Exercise instructions:
Would you repeat the listing exactly but omit every picture?

Exercise data:
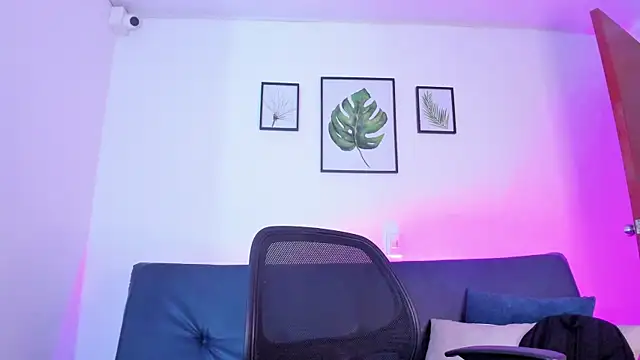 Tatianaaxh online show from 03.04.25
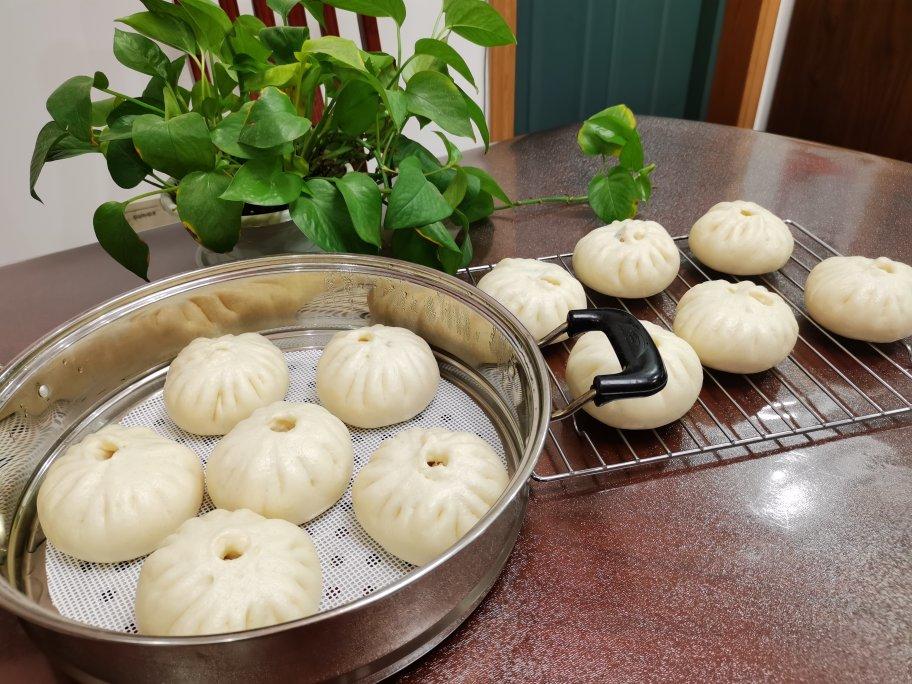 暄软的奶香豆沙包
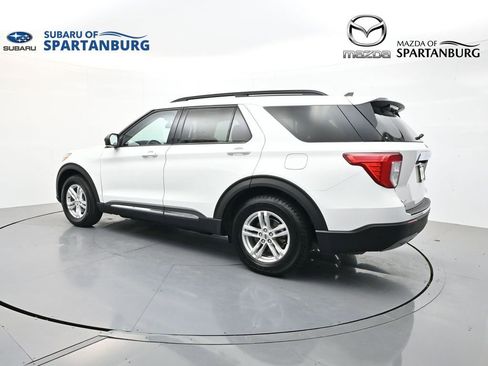 Used 2023 Ford Explorer XLT w/ Equipment Group 202A RWD image 6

Solution to this task:
 Tatianaaxh online show from 03.04.25
 暄软的奶香豆沙包
 Used 2023 Ford Explorer XLT w/ Equipment Group 202A RWD image 6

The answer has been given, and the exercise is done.